▶ _TASK PROMPT_
Lines from the one containing "MAXYOYO Bean Bag" through the last line of the data below are to be returned exactly; leave out the rest.

Short descriptive text snippets:

◆ ◆ ◆ ◆

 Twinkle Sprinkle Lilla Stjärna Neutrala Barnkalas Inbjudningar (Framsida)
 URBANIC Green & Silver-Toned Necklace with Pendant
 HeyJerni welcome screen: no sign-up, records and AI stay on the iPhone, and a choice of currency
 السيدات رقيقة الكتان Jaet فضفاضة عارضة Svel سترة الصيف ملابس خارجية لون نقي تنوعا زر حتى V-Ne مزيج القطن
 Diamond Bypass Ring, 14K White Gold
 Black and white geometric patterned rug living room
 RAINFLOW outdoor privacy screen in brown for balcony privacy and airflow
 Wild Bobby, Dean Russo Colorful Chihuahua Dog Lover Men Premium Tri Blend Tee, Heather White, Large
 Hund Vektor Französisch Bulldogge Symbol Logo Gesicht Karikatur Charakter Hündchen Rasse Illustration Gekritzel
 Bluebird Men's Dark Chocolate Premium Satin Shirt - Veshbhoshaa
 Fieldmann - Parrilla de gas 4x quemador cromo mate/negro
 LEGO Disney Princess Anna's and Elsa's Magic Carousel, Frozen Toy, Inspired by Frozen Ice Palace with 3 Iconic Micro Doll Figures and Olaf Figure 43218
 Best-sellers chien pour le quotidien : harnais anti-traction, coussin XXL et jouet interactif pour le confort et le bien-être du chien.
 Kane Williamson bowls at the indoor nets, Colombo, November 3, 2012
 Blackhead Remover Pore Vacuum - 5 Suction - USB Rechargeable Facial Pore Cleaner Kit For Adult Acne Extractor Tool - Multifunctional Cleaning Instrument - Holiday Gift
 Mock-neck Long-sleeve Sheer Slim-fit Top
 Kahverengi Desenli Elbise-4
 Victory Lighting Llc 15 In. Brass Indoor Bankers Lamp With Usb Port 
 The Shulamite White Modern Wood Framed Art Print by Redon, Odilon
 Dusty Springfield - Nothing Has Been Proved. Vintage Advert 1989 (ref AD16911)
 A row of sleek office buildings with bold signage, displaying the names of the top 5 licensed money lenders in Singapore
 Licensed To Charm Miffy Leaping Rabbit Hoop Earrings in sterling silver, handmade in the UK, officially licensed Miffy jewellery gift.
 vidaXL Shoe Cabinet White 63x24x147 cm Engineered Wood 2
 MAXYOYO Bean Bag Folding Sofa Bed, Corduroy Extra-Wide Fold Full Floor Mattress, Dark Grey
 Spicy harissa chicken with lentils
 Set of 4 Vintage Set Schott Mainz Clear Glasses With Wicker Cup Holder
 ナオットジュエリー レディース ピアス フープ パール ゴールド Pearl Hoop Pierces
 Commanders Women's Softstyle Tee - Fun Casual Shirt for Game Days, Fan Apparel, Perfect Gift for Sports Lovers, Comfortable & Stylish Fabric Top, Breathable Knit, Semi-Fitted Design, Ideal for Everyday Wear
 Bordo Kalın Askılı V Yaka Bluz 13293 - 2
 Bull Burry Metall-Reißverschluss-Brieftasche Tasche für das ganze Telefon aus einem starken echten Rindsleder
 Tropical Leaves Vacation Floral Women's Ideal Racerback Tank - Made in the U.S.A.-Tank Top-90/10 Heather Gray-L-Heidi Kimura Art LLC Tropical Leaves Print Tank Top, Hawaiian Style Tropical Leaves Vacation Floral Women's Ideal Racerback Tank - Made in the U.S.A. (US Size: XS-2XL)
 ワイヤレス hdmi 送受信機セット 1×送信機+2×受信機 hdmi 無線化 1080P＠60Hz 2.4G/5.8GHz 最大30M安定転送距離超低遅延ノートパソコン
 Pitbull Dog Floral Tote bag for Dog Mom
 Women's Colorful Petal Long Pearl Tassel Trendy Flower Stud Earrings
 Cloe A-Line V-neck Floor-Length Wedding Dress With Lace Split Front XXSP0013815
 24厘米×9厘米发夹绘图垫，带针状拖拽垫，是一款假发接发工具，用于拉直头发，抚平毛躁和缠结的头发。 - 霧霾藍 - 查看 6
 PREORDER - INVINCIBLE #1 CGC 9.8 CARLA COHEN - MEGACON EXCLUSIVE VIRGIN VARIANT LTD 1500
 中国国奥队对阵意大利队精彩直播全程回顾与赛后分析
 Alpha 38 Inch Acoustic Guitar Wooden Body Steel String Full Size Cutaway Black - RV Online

◆ ◆ ◆ ◆

▶ _SOLUTION BELOW_
 MAXYOYO Bean Bag Folding Sofa Bed, Corduroy Extra-Wide Fold Full Floor Mattress, Dark Grey
 Spicy harissa chicken with lentils
 Set of 4 Vintage Set Schott Mainz Clear Glasses With Wicker Cup Holder
 ナオットジュエリー レディース ピアス フープ パール ゴールド Pearl Hoop Pierces
 Commanders Women's Softstyle Tee - Fun Casual Shirt for Game Days, Fan Apparel, Perfect Gift for Sports Lovers, Comfortable & Stylish Fabric Top, Breathable Knit, Semi-Fitted Design, Ideal for Everyday Wear
 Bordo Kalın Askılı V Yaka Bluz 13293 - 2
 Bull Burry Metall-Reißverschluss-Brieftasche Tasche für das ganze Telefon aus einem starken echten Rindsleder
 Tropical Leaves Vacation Floral Women's Ideal Racerback Tank - Made in the U.S.A.-Tank Top-90/10 Heather Gray-L-Heidi Kimura Art LLC Tropical Leaves Print Tank Top, Hawaiian Style Tropical Leaves Vacation Floral Women's Ideal Racerback Tank - Made in the U.S.A. (US Size: XS-2XL)
 ワイヤレス hdmi 送受信機セット 1×送信機+2×受信機 hdmi 無線化 1080P＠60Hz 2.4G/5.8GHz 最大30M安定転送距離超低遅延ノートパソコン
 Pitbull Dog Floral Tote bag for Dog Mom
 Women's Colorful Petal Long Pearl Tassel Trendy Flower Stud Earrings
 Cloe A-Line V-neck Floor-Length Wedding Dress With Lace Split Front XXSP0013815
 24厘米×9厘米发夹绘图垫，带针状拖拽垫，是一款假发接发工具，用于拉直头发，抚平毛躁和缠结的头发。 - 霧霾藍 - 查看 6
 PREORDER - INVINCIBLE #1 CGC 9.8 CARLA COHEN - MEGACON EXCLUSIVE VIRGIN VARIANT LTD 1500
 中国国奥队对阵意大利队精彩直播全程回顾与赛后分析
 Alpha 38 Inch Acoustic Guitar Wooden Body Steel String Full Size Cutaway Black - RV Online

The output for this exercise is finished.